[Saved data entries]

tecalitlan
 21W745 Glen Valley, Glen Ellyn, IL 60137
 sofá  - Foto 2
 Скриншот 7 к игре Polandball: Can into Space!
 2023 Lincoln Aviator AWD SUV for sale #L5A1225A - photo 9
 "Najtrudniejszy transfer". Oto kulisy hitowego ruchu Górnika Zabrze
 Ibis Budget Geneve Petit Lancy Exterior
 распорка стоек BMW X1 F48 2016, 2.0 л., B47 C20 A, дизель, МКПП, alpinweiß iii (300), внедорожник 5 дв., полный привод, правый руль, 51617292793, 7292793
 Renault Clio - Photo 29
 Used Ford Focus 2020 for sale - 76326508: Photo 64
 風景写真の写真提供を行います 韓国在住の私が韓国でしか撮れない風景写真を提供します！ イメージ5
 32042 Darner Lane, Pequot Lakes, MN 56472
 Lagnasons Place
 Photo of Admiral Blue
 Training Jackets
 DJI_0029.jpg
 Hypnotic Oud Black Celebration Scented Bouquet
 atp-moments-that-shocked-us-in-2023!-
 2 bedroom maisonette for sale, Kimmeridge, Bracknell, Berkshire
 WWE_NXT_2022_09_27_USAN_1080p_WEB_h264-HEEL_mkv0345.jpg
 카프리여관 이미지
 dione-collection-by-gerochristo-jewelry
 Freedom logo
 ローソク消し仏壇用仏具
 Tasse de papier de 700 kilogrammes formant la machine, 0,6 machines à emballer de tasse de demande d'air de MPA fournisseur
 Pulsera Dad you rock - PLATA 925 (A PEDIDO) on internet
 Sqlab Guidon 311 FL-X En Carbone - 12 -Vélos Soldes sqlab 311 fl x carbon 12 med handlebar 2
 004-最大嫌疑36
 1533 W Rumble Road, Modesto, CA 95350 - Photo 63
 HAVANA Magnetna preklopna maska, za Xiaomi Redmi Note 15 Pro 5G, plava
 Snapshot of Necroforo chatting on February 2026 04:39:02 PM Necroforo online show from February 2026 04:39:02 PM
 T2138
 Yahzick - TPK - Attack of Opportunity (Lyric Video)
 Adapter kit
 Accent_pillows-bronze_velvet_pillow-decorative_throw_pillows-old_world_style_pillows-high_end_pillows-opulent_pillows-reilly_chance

TASK ITEM: Each record is to be given again in full, exactly as it reads.

RESULT FOR THIS TASK:
tecalitlan
 21W745 Glen Valley, Glen Ellyn, IL 60137
 sofá  - Foto 2
 Скриншот 7 к игре Polandball: Can into Space!
 2023 Lincoln Aviator AWD SUV for sale #L5A1225A - photo 9
 "Najtrudniejszy transfer". Oto kulisy hitowego ruchu Górnika Zabrze
 Ibis Budget Geneve Petit Lancy Exterior
 распорка стоек BMW X1 F48 2016, 2.0 л., B47 C20 A, дизель, МКПП, alpinweiß iii (300), внедорожник 5 дв., полный привод, правый руль, 51617292793, 7292793
 Renault Clio - Photo 29
 Used Ford Focus 2020 for sale - 76326508: Photo 64
 風景写真の写真提供を行います 韓国在住の私が韓国でしか撮れない風景写真を提供します！ イメージ5
 32042 Darner Lane, Pequot Lakes, MN 56472
 Lagnasons Place
 Photo of Admiral Blue
 Training Jackets
 DJI_0029.jpg
 Hypnotic Oud Black Celebration Scented Bouquet
 atp-moments-that-shocked-us-in-2023!-
 2 bedroom maisonette for sale, Kimmeridge, Bracknell, Berkshire
 WWE_NXT_2022_09_27_USAN_1080p_WEB_h264-HEEL_mkv0345.jpg
 카프리여관 이미지
 dione-collection-by-gerochristo-jewelry
 Freedom logo
 ローソク消し仏壇用仏具
 Tasse de papier de 700 kilogrammes formant la machine, 0,6 machines à emballer de tasse de demande d'air de MPA fournisseur
 Pulsera Dad you rock - PLATA 925 (A PEDIDO) on internet
 Sqlab Guidon 311 FL-X En Carbone - 12 -Vélos Soldes sqlab 311 fl x carbon 12 med handlebar 2
 004-最大嫌疑36
 1533 W Rumble Road, Modesto, CA 95350 - Photo 63
 HAVANA Magnetna preklopna maska, za Xiaomi Redmi Note 15 Pro 5G, plava
 Snapshot of Necroforo chatting on February 2026 04:39:02 PM Necroforo online show from February 2026 04:39:02 PM
 T2138
 Yahzick - TPK - Attack of Opportunity (Lyric Video)
 Adapter kit
 Accent_pillows-bronze_velvet_pillow-decorative_throw_pillows-old_world_style_pillows-high_end_pillows-opulent_pillows-reilly_chance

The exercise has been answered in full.